Thankfully, Boston is still good enough to lock down a 3rd or 4th seed in the East, but considering they had the biggest trade exception in NBA history (at $28.5 million), Fournier feels more like a participation trophy than an actual prize.


Winner: Denver Nuggets

Say what you want about the Nuggets’ up and down season thus far, but they’re still only a couple of games out of 2nd place in the West—the exact place they were when they entered the playoffs last season. They’ve missed Jerami Grant, who defected to the Detroit Pistons in the offseason, a lot more than they care to admit. But with the arrival of Aaron Gordon from the Magic (ugh!), in exchange for a grossly overpaid Gary Harris, RJ Hampton, and a 2025 first-round pick, their 20th ranked defense could receive a much-needed jumpstart. And with Michael Porter Jr. coming into his own within the offense, this team seems prized for another lengthy postseason run.


Loser: Toronto Raptors

Every team and their mother was tripping over themselves trying to get a deal done for Kyle Lowry.


Yet for some inexplicable reason, instead of cashing out his 35-year-old ass while his stock was still insanely high, the Raptors instead opted to keep their floor general.
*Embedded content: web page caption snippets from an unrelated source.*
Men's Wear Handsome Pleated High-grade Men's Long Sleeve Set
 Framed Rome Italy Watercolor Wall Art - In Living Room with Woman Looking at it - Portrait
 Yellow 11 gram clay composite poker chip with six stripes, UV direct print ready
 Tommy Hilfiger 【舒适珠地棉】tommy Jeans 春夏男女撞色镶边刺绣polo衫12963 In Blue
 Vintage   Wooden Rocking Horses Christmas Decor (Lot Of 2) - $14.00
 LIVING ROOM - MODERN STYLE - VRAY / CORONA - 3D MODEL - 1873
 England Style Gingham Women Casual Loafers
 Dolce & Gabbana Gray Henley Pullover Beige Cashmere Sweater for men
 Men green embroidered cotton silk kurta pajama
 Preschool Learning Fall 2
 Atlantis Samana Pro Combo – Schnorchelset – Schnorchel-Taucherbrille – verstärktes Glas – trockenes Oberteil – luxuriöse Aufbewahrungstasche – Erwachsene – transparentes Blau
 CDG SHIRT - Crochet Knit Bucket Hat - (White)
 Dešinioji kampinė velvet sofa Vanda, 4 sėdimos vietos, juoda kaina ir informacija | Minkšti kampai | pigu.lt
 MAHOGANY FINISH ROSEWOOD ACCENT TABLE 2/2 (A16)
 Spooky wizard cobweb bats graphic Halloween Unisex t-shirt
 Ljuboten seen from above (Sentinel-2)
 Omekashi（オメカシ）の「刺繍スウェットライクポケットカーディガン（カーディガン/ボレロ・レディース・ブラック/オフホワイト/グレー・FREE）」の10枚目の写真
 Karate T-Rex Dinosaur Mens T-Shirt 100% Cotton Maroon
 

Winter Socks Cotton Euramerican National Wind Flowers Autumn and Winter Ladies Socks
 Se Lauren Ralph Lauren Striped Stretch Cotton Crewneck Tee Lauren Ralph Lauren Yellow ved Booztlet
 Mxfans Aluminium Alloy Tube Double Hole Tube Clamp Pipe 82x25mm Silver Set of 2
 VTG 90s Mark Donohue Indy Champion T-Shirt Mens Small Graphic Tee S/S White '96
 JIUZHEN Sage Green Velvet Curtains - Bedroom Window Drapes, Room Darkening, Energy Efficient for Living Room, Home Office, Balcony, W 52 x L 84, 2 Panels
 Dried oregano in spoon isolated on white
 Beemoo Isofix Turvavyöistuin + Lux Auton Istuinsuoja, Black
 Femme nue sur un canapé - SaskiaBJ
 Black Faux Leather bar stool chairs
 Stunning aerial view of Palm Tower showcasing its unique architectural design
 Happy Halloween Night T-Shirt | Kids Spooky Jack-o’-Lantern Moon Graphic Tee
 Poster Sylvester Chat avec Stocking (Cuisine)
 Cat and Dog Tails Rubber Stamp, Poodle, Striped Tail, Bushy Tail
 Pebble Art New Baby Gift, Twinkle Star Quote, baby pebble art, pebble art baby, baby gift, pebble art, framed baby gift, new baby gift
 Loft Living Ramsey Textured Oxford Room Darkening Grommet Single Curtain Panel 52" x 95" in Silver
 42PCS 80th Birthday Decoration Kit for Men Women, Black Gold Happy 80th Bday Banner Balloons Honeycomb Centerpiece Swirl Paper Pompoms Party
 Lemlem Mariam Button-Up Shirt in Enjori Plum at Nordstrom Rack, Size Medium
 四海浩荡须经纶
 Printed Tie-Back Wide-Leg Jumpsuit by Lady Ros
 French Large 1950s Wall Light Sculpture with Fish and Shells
Maybe they found it too difficult to find a team willing to match salaries, maybe it was their undying loyalty to the player many regard as the greatest Raptor ever, but now they’re stuck with an All-Star guard who can abandon the team this summer as a free agent.


Or even worse, he might demand a buyout and go sign with the Lakers, 76ers, or Heat for pennies on the dollar this season when the Raptors could’ve gotten something in return had they pulled the trigger on similar deals before the trade deadline.

Masai Ujiri and company definitely took an L on this one.



I had thought you were a Clips fan? Are they your second (or Western Conference) team? Clearly I’m confused.

There was a time many years ago (when I was also about nine-ish) that I thought about giving all my allegiance to the Orlando Magic. My grandfather was supportive, and even bought me some Penny Hardaway shoes that were 100% some sort of knock-off (they weren’t even Nikes but they had a blue star and the number 1 on them so...Penny Hardaway shoes). I know he was relieved though when I came back to the Lakers being my number one team though lol.

Anyways... irrelevant little story time aside, I feel your pain with your team being a loser this trade deadline. The Raptors are my second team, and as much as I wanted them to keep Kyle Lowry and was so, so thrilled when they did, I know it definitely wasn’t good for the team in the long run. But the heart wants what it wants, and that is why we stay being fans of teams who just continually fuck up.